Gary A. Warner, travel editor of the Orange County (Calif.) Register, said that watching this year’s Academy Award nominees for Best Picture was like taking a road trip without leaving town.

He had this to say about “Little Miss Sunshine”:

The locations: A story about a family road trip from Albuquerque to Los Angeles to attend a junior beauty pageant should be ripe for great travel scenes. The real route includes old Route 66, with its gigantic jackrabbit sculptures, Meteor Crater, and colorful towns like Gallup, N.M., and Seligman, Ariz. But this $8 million picture was filmed almost entirely in the Los Angeles area. The take-out chicken served in Albuquerque is actually from Dinah’s Family Restaurant in Los Angeles. The Arizona diner scene was shot in La Puente, with menus from Pann’s, the legendary L.A. “googie” style restaurant just north of LAX. A photo of Monument Valley in a motel room is as close to a Southwestern location as the main characters get. Even when the dysfunctional family arrives in what the movie says is Redondo Beach, it’s really Ventura. The quirky film is about the people in the old yellow Volkswagen bus, not the scenery outside.
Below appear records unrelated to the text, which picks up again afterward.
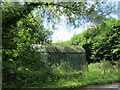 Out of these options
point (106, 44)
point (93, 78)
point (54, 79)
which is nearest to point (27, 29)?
point (54, 79)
Favorite scene: The infrequent “B-unit” shots of the bright yellow Volkswagen rolling through northern Arizona is as evocative as it gets. But anyone who has taken a long road trip will relate to the constant family bickering during the 800-mile drive.

I’ve seen “Little Miss Sunshine,” and Warner’s take seems accurate to me. For a more comprehensive taste of Route 66, in spite of its obviously fictional story, go see two-time Oscar nominee “Cars.”